The wholesale move to virtualization in the data center often leaves an ugly problem in its wake: virtual machine sprawl. When it costs almost nothing to spin up a server, VMs tend to multiply. The count goes up and so does the burden on power, processing, memory and disk space — not to mention the security liability of an unattended server. These tips can help you identify ghost servers and keep systems running efficiently and safely.
The best way to manage ghost servers, of course, is to avoid creating them in the first place. If employees lack incentives to maintain or shut down servers, they may not do so. Create proper documentation by first identifying an owner for every system in the data center. Then create a chargeback system — even if it’s a zero-sum game — to make server owners actively acknowledge their servers by paying to keep them running. Finally, establish policies for patching, remote auditing and secure configuration to ensure that unattended servers don’t become a security liability.

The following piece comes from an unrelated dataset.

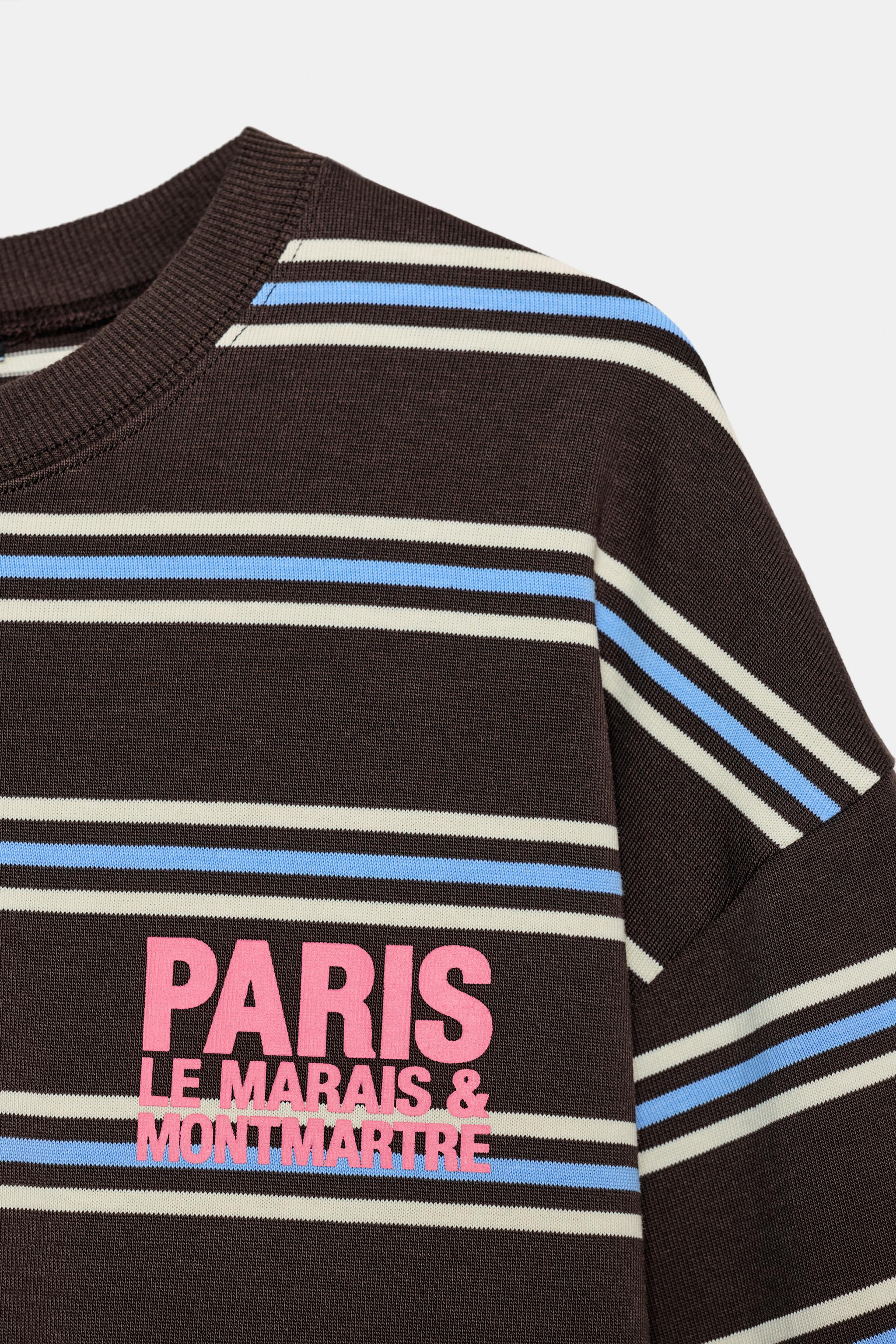 STRIPED TEXT T-SHIRT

Use network monitoring to find servers that have fallen under the radar. For physical devices, you can use switch port statistics, but in a virtual world you’ll have to rely on IP-level statistics from devices such as firewalls. If you’re concerned about the load that such logs might put on existing firewalls, drop an older, transparent one into the network with “permit all” rules that log to a dedicated server. One alternative method of capturing traffic is a dedicated NetFlow or IPFIX sensor. However, firewalls are better because they measure connections; NetFlow and IPFIX focus on volume, and thus can be deceptive.

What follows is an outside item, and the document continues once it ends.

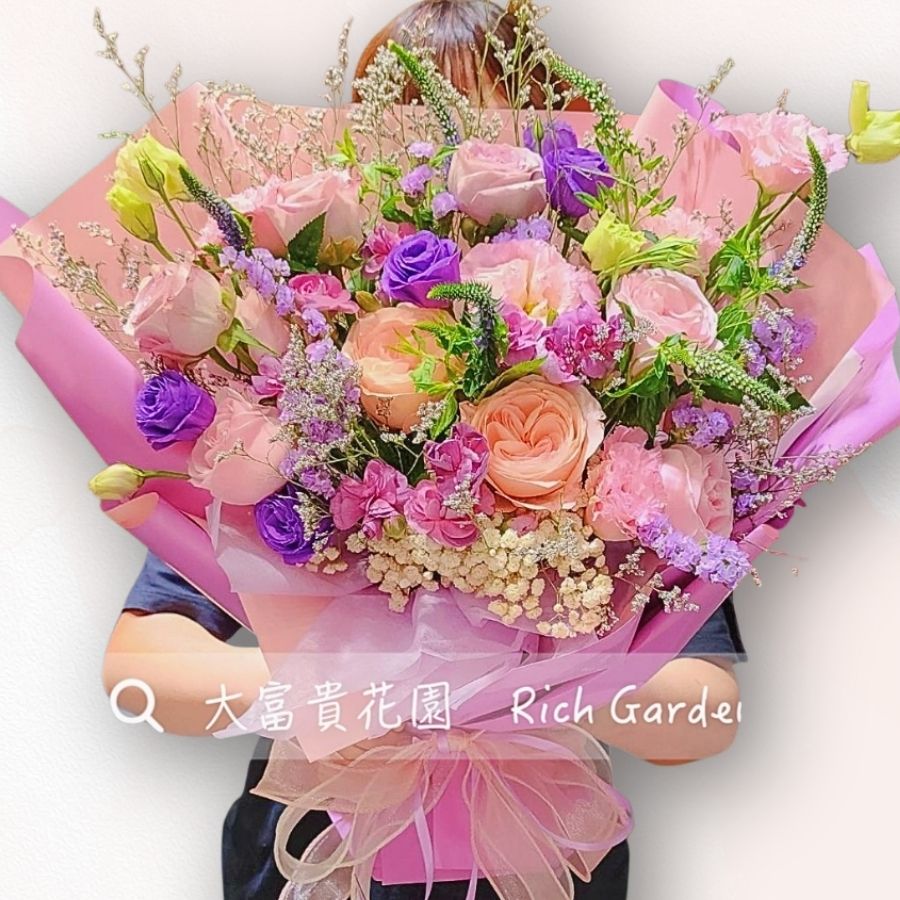 柔粉紫玫瑰花束 F146｜Peach Lavender Rose Bouquet｜大富貴花店 Rich Garden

Now start looking for incoming connections to the server. Be sure to drop any traffic from services such as backups, anti-malware and patch updates before generating your “bottom 10 percent” statistics. Outgoing traffic will be a mix of software updates and administrative traffic (such as Active Directory). But a server that nothing talks to is a prime candidate for investigation.

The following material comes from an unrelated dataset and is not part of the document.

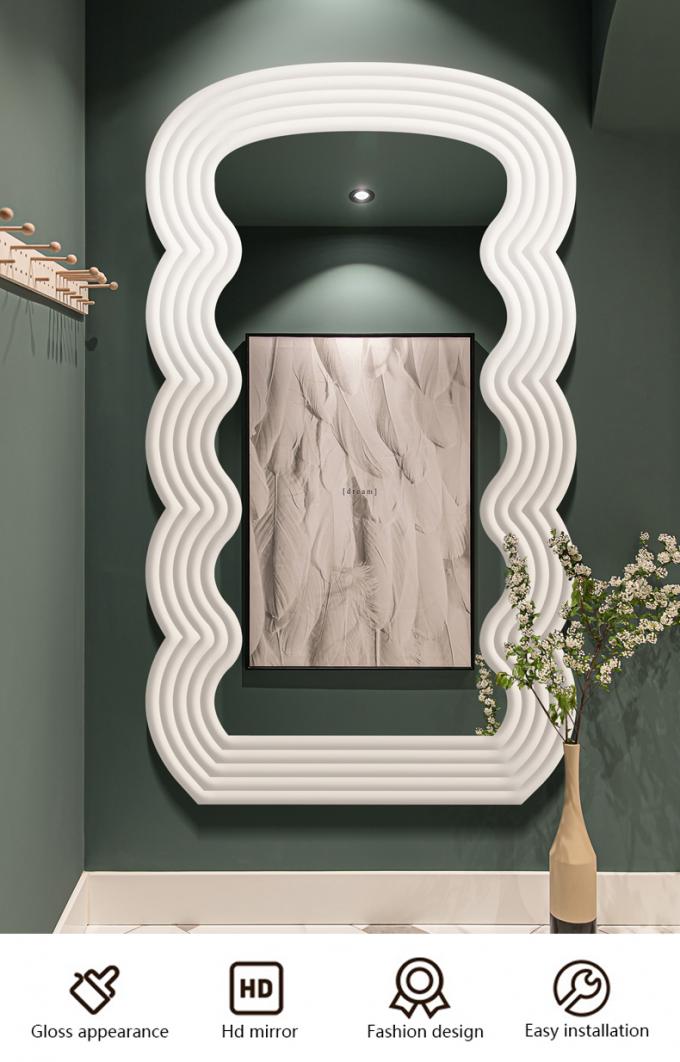White Wavy Full Length Mirror 71x32 Arched Mirror For Bedroom And Living Room 1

CPU usage can also help to identify these candidates, but it’s often misleading, especially if a server has a handful of Java services that have been CPU-bound for years without being noticed. Don’t laugh; this happens more often than you’d think.
Use other tools to expand the list of candidates. Add in any servers that are known security problems based on your vulnerability analyzer, and check your patch management system to see if it is complaining about systems far out of date. Keep investigating and whittle down your final list, which should be about 10 percent of the servers in your data center. Don’t worry about making a definitive list. This is an exercise you can repeat annually; any servers that slip through the cracks this time will be there next time.
Make sure you have management buy-in. The next step is the most dangerous, so you need to be sure that management has your back. With a list of candidate servers to shut down, make sure everyone knows what you’re doing and why you're doing it: to be more cost-effective, save resources and eliminate security holes.
Finally, start shutting servers down — with plenty of notice, a well-advertised plan and a willingness to reboot anything if someone shouts. This is where things get interesting. Don’t rush this step; it should be done in stages over a period of weeks. Once a server is down, leave it in place for up to six months to see if anyone notices and complains. If not, then finish the job: Back up the data and get rid of obsolete hardware or VM pointers.